Set down the complete data exactly as it appears below.
Data to process START
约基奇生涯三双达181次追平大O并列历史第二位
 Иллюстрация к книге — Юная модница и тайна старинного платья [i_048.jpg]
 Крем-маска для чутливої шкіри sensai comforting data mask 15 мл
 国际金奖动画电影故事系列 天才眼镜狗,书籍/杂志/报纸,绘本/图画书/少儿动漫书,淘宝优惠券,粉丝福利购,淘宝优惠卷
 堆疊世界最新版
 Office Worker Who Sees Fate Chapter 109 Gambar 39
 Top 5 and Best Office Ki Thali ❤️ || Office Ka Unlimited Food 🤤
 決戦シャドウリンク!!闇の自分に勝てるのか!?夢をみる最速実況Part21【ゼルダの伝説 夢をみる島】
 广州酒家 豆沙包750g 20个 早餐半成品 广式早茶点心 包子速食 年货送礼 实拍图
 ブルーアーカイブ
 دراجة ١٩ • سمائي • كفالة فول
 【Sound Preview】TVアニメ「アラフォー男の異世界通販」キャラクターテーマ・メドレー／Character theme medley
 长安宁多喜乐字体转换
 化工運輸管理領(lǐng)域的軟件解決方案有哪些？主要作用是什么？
Data to process END
#### Task answer
约基奇生涯三双达181次追平大O并列历史第二位
 Иллюстрация к книге — Юная модница и тайна старинного платья [i_048.jpg]
 Крем-маска для чутливої шкіри sensai comforting data mask 15 мл
 国际金奖动画电影故事系列 天才眼镜狗,书籍/杂志/报纸,绘本/图画书/少儿动漫书,淘宝优惠券,粉丝福利购,淘宝优惠卷
 堆疊世界最新版
 Office Worker Who Sees Fate Chapter 109 Gambar 39
 Top 5 and Best Office Ki Thali ❤️ || Office Ka Unlimited Food 🤤
 決戦シャドウリンク!!闇の自分に勝てるのか!?夢をみる最速実況Part21【ゼルダの伝説 夢をみる島】
 广州酒家 豆沙包750g 20个 早餐半成品 广式早茶点心 包子速食 年货送礼 实拍图
 ブルーアーカイブ
 دراجة ١٩ • سمائي • كفالة فول
 【Sound Preview】TVアニメ「アラフォー男の異世界通販」キャラクターテーマ・メドレー／Character theme medley
 长安宁多喜乐字体转换
 化工運輸管理領(lǐng)域的軟件解決方案有哪些？主要作用是什么？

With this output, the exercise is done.